Выбрать главу

Помимо большой цели у меня всегда были мечты. Пускай крохотные, но очень красочные. Например, в детстве я смотрел на старших спартаковских ребят и грезил тем, чтобы доиграть до того дня, когда нам тоже выдадут форму.

Получив свою первую примитивную майку, чуть не задохнулся от восторга. Она давалась на весь сезон. На белой материи через трафарет краской наносили номер, пришивали ромбик. После игр мама форму стирала, наглаживала и убирала в шкафчик! Мне казалось, что в точно таких же футболках выступали Ильин. Нетто. Симонян. Это сейчас все по-другому. Недавно посмотрел, как мальчишки по улице носятся. Все разодеты с иголочки: кто Шевченко, кто Роналдинью, кто дель Пьеро. Мы такое и представить были не в состоянии. Только в 1991 году нам майки дали, более или менее на настоящие похожие. Наглядеться на себя не мог, так приятно было!

Однажды на старте моего футбольного пути отец сводил меня на фильм о Пеле. Это было такое сильное впечатление! Даже не впечатление, а настоящее потрясение! Я безумно, до зуда в печенках хотел быть как Пеле. Я все думал: а чем я хуже? Он в футбол играл, и я тоже играю. И я верил, что смогу стать такой же звездой, как легендарный бразилец. А затем… затем, когда мне было лет десять, я живьем увидел Черенкова. Пеле ретировался на задний план. Я понял, что хочу играть, как Федор. Я чувствовал, что он не просто кумир, а, помимо всего прочего, близкий мне по духу человек. Федор затмил всех. Все разговоры были только о нем. Я ложился и вставал с его именем. Когда спустя годы я вышел вместе с ним на поле, то осознал, что это, наверное, и была главная мечта моей жизни.

Теперь вам не составит труда догадаться, почему я всегда выступал под десятым номером. «Девятка» закрепилась за мной лишь в 1996 году – досталась в наследство от Пятницкого. Но мне тогда было все равно, лишь бы играть. Я не задумывался, что когда-нибудь спартаковский «девятый номер» и «Титов» будут восприниматься болельщиками как одно целое. Почти как «десятка» и Черенков.

Возвращаясь к разговору о мотивации, скажу, что для мальчишки на определенном этапе необходимо наличие кумира. Глядя на него, ты получаешь огромный импульс для дальнейших тренировок. Желание быть таким, как твой любимец, толкает тебя вперед и позволяет легче преодолевать все невзгоды. Ну и к тому же у кумира можно подмечать и пытаться перенимать какие-то приемы. Впрочем, вот в этом мне немножко не повезло, так как что-то перенять у Черенкова было нереально. Его легкая манера бега, эти финты необъяснимые – они от Бога. Единственное, что хотя бы частично мне удалось у Федора Федоровича позаимствовать, – игру «со своей скоростью». Вот он бежит, потом раз – прибавит, потом еще прибавит, потом резко притормозит. Сопернику под него подстроиться было катастрофически сложно.

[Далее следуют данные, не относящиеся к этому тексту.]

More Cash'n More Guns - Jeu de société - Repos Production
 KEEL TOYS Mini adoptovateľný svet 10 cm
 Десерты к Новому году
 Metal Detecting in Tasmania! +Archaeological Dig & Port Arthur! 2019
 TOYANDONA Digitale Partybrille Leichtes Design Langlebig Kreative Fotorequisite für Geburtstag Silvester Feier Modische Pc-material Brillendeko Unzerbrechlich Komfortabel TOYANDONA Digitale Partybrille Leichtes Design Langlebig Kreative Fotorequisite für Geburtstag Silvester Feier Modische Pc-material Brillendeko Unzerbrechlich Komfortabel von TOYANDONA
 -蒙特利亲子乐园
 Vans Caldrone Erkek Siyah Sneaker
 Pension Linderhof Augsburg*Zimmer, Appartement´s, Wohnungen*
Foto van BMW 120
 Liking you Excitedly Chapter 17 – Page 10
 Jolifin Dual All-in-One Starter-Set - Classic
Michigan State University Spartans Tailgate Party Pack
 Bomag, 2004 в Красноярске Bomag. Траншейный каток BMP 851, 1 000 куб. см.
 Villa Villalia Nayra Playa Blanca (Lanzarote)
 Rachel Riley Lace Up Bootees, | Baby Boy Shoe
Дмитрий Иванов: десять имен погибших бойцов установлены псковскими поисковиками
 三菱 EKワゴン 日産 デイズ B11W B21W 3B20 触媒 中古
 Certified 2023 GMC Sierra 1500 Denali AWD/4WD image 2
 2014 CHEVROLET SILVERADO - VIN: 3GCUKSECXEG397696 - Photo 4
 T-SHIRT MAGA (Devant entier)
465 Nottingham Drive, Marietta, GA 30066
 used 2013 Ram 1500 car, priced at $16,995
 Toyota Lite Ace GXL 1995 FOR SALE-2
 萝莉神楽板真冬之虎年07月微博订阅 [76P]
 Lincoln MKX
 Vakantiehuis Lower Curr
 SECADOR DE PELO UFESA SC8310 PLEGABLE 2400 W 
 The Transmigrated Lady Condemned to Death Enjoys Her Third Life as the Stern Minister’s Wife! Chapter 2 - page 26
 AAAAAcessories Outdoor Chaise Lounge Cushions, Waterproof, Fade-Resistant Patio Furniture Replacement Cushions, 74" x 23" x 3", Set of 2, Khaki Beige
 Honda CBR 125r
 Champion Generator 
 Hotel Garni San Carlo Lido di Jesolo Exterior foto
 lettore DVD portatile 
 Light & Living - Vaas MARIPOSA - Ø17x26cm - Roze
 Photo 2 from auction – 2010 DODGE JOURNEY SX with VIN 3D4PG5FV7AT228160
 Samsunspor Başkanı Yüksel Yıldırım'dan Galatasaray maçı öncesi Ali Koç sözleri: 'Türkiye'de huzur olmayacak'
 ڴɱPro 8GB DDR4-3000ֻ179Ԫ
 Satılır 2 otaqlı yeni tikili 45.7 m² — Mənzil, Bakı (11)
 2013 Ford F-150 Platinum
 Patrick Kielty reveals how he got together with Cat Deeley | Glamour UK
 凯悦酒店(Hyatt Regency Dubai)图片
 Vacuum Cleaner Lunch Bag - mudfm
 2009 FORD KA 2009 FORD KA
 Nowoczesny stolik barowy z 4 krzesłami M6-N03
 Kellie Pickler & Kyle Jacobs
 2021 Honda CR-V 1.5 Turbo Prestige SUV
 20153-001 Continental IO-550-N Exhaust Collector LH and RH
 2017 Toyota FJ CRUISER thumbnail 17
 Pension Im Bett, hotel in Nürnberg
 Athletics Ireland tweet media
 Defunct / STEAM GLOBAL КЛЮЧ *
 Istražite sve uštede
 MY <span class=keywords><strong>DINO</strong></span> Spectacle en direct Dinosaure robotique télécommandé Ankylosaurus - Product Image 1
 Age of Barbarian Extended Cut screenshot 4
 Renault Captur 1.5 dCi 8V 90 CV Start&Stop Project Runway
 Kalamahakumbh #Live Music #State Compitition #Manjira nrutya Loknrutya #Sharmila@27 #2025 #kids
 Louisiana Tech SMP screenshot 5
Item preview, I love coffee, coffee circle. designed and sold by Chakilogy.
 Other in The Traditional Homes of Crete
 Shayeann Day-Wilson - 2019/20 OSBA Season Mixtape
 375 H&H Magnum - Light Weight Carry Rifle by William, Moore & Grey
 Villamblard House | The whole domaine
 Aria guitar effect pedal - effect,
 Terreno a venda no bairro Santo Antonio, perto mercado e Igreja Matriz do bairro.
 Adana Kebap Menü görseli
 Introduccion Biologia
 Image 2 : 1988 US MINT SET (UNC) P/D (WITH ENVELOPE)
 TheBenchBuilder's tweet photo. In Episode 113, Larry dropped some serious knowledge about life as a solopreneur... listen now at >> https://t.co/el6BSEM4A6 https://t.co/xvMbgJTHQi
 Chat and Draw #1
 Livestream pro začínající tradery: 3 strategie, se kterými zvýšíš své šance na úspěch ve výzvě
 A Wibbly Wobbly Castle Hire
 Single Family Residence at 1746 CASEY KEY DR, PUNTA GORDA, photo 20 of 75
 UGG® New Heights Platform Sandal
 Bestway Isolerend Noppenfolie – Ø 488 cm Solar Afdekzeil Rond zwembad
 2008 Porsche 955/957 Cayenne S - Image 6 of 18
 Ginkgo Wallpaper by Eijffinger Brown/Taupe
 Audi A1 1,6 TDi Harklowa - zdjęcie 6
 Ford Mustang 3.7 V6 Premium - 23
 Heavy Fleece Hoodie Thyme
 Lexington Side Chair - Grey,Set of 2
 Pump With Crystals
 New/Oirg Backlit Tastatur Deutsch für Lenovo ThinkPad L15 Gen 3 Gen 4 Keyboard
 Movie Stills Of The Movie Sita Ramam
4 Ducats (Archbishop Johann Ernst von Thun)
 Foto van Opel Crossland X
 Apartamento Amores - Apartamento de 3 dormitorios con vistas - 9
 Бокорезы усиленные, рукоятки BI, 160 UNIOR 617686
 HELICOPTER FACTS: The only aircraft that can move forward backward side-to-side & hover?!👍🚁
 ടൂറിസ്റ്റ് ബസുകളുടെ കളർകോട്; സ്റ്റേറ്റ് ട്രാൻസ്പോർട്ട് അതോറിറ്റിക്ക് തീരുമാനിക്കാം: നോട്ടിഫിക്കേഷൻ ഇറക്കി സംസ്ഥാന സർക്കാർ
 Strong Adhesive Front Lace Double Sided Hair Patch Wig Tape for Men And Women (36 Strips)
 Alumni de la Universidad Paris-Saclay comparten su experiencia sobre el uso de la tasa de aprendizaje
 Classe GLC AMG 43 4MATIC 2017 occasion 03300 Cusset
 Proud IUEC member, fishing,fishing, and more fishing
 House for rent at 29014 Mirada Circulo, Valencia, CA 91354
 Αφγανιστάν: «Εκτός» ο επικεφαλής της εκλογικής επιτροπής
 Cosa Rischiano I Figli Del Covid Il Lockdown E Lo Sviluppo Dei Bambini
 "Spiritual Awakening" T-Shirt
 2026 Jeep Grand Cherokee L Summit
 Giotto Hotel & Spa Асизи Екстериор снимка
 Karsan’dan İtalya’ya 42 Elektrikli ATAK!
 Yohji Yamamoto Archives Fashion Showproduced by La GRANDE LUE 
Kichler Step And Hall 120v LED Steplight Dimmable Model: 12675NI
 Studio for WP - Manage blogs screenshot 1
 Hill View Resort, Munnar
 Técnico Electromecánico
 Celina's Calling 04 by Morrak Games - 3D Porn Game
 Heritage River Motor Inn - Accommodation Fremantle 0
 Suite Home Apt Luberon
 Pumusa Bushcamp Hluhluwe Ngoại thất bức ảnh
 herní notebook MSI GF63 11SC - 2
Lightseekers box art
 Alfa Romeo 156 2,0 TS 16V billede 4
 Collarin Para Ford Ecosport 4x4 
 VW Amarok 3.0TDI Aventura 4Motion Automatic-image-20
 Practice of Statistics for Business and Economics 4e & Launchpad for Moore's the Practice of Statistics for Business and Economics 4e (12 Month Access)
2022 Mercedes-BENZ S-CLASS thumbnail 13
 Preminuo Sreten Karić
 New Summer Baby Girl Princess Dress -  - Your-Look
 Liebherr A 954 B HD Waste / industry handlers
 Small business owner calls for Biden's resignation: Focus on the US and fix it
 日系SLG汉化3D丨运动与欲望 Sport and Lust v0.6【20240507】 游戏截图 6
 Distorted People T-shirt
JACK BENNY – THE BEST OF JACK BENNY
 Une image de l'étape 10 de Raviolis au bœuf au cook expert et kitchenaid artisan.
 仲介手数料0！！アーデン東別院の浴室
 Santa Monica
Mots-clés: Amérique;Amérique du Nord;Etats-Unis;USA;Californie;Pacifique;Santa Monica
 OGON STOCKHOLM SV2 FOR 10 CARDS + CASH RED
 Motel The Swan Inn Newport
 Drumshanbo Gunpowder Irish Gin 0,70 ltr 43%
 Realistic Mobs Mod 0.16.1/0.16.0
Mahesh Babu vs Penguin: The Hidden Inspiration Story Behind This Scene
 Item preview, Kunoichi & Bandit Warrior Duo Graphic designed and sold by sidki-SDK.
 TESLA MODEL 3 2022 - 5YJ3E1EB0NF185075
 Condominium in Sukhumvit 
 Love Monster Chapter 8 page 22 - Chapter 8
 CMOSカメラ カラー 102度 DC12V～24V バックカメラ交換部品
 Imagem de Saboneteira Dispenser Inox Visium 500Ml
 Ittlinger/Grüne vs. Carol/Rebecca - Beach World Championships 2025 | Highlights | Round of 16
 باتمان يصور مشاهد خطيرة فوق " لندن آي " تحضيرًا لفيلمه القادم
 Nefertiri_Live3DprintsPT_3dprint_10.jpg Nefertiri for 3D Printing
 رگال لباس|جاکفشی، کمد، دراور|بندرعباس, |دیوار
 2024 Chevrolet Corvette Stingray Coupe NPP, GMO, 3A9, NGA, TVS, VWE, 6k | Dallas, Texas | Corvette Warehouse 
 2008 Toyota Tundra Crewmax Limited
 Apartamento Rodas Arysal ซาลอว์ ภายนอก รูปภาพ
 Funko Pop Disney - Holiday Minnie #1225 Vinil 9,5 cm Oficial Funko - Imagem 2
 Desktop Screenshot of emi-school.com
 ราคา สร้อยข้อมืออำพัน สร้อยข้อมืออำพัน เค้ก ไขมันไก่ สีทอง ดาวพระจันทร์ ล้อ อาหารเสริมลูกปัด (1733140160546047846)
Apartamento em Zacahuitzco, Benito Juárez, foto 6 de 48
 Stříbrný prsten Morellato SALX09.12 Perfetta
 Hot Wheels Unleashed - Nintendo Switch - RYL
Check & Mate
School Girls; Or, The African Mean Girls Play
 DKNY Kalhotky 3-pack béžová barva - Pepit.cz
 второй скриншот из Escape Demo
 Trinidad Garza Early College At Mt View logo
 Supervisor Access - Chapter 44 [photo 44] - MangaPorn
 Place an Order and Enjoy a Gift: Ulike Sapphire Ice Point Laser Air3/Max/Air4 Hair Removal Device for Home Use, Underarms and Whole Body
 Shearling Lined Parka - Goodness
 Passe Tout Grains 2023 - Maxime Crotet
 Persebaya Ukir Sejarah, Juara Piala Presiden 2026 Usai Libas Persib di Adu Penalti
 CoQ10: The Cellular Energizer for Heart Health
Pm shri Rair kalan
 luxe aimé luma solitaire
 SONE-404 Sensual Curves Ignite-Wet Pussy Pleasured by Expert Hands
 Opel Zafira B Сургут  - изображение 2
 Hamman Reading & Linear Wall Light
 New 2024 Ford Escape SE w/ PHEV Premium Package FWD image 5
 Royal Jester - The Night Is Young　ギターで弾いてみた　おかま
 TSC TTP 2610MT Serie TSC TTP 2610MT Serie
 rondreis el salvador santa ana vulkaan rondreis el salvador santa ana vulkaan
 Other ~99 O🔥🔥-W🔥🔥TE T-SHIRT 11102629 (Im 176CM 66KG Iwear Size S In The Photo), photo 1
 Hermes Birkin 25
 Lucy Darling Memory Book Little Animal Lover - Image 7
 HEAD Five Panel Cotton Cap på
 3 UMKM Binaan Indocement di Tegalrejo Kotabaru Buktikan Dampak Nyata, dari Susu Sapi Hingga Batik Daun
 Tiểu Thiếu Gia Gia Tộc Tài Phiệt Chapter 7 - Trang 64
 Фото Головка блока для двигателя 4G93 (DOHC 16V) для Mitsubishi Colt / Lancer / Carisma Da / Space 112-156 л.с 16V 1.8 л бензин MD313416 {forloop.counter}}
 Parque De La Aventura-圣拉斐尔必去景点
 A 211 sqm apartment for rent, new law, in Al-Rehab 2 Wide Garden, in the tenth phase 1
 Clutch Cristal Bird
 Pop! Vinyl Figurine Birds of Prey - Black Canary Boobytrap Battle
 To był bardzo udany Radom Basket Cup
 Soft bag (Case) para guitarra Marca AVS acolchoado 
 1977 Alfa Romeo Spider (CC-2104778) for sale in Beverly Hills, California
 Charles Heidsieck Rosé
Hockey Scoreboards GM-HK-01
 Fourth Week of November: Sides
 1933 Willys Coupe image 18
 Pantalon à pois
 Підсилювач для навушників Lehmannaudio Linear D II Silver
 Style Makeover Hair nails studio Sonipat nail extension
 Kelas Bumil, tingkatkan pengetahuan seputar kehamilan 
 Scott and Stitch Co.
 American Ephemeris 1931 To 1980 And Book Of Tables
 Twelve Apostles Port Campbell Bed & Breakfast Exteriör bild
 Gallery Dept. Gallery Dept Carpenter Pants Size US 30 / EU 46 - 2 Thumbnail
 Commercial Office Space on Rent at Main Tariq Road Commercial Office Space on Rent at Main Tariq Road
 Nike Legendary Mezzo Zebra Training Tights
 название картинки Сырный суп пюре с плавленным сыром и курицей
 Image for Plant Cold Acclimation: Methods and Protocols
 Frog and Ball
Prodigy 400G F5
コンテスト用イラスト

Убежден, ни один футболист в мире не умеет так рвать темп и делать это так пластично, как умел Черенков. С этим надо родиться. У Федора были золотые ноги, но он играл не ногами, а головой. Мыслью! И сегодня, когда в своих действиях я иногда улавливаю нечто черенковское, испытываю чувство гордости. Жаль, что бывает это крайне редко.

Впрочем, нужно быть предельно аккуратным в подражании своему идолу. Важно в нем не раствориться. И родители, если видят, что их ребенок излишне увлекся созданием «культа личности», должны объяснить своему чаду, что каждый человек ценен прежде всего наличием своего «я». У меня, к счастью, все прошло органично. Может быть, я просто быстро понял, что таким, как Черенков, никогда не стану. Может быть, мое «я» было столь большим, что пересилило даже любовь к Федору. Но я рано обрел свой собственный стиль. И уже в те далекие детские годы специалисты давали «футболисту Титову» очень лестные характеристики.

* * *

Сколько себя помню, я всегда был одержим спортом. Со сводным братом мы даже играли дома в хоккей. Вешали занавеску на столик. Брали клизму, обрезали ее, и получался мячик. Передвигаясь на коленях, тапочками гоняли эту клизму-мячик-шайбу по комнате. Когда кто-то из нас забивал гол, занавеска трепыхалась точно так же, как сетка на воротах. Непередаваемое ощущение! Всякий раз минут через пятнадцать после начала баталий соседи принимались стучать по батарее. Но сразу отказаться от удовольствия было непросто. И если мы продлевали его себе на пару минут, то снизу поднимался дедушка лет шестидесяти пяти – семидесяти и злобным голосом приказывал: «Заканчивайте!» И для меня это было проблемой.